There is a very long board with length L centimeter, L is a positive integer, so we can evenly divide the board into L segments, and they are labeled by 1, 2, ... L from left to right, each is 1 centimeter long. Now we have to color the board - one segment with only one color. We can do following two operations on the board:
1. "C A B C" Color the board from segment A to segment B with color C.
2. "P A B" Output the number of different colors painted between segment A and segment B (including).
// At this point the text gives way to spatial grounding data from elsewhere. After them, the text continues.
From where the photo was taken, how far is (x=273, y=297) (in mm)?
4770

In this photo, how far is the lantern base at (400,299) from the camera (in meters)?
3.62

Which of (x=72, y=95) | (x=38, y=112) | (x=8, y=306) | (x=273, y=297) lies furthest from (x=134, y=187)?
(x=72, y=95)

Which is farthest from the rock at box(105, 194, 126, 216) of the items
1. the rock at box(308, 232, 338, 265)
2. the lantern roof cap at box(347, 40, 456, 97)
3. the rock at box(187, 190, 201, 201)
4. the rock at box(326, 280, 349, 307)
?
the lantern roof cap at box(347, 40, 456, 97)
In our daily life, we have very few words to describe a color (red, green, blue, yellow…), so you may assume that the total number of different colors T is very small. To make it simple, we express the names of colors as color 1, color 2, ... color T. At the beginning, the board was painted in color 1. Now the rest of problem is left to your.
Input
First line of input contains L (1 <= L <= 100000), T (1 <= T <= 30) and O (1 <= O <= 100000). Here O denotes the number of operations. Following O lines, each contains "C A B C" or "P A B" (here A, B, C are integers, and A may be larger than B) as an operation defined previously.
Output
Ouput results of the output operation in order, each line contains a number.
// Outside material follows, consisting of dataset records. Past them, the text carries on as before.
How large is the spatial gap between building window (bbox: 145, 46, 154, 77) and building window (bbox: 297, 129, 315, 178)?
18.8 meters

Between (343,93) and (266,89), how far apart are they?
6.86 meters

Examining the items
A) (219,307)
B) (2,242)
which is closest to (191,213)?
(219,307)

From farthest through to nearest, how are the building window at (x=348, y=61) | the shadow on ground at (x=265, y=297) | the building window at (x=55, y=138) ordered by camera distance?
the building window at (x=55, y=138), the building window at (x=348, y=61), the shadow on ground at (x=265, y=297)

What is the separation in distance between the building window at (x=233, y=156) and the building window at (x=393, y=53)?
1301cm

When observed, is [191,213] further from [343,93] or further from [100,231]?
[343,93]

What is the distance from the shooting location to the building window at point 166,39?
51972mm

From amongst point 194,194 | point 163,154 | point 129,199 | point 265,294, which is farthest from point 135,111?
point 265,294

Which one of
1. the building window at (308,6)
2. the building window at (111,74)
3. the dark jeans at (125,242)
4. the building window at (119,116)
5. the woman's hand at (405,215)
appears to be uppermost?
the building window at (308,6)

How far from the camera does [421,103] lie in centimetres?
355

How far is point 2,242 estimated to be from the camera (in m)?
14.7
就是简单的线段树的区间更新和区间查询,因为颜色的数量很少,可以用二进制表示数量。
直接上代码
#include<iostream>
#include <stdio.h>
#include <algorithm>
#include <stdlib.h>
#define LL long long
using namespace std;
const int MAX = 1e6 + 50;
LL tree[MAX << 2];
LL lazy[MAX << 2];
void PushUp(int rt){
tree[rt] = tree[rt << 1] | tree[rt << 1 | 1];
}
void PushDown(int rt){
lazy[rt << 1] = lazy[rt << 1 | 1] = lazy[rt];
tree[rt << 1] = lazy[rt];
tree[rt << 1 | 1] = lazy[rt];
lazy[rt] = 0;
}
void Build(int l, int r, int rt){
if(l == r){
tree[rt] = 1;
return ;
}
int m = (l + r) >> 1;
Build(l, m, rt << 1);
Build(m + 1, r, rt << 1 | 1);
PushUp(rt);
}
int Le, Ri;
LL c;
void UpadteRange(int l, int r, int rt){
if(Le <= l && r <= Ri){
tree[rt] = c;
lazy[rt] = c;
return ;
}
if(lazy[rt]){
PushDown(rt);
}
int m = (l + r) >> 1;
if(Le <= m){
UpadteRange(l, m, rt << 1);
}
if(Ri > m){
UpadteRange(m + 1, r, rt << 1 | 1);
}
PushUp(rt);
}
LL Query(int l, int r, int rt){
if(Le <= l && r <= Ri){
return tree[rt];
}
if(lazy[rt]){
PushDown(rt);
}
int m = (l + r) >> 1;
LL ans = 0;
if(Le <= m){
ans |= Query(l, m, rt << 1);
}
if(Ri > m){
ans |= Query(m + 1, r, rt << 1 | 1);
}
return ans;
}
int main(){
int n, t, o;
scanf("%d%d%d", &n, &t, &o);
Build(1, n ,1);
while(o--){
char op;
scanf(" %c%d%d", &op, &Le, &Ri);
if(Le > Ri){
swap(Le, Ri);
}
if(op == 'C'){
int color;
scanf("%d", &color);
c = 1LL << (color - 1);
UpadteRange(1, n, 1);
} else{
LL res = Query(1, n, 1); //要开LL
int cnt = 0;
while(res){
if(res & 1){
cnt++;
}
res >>= 1;
}
printf("%d\n", cnt);
}
}
return 0;
}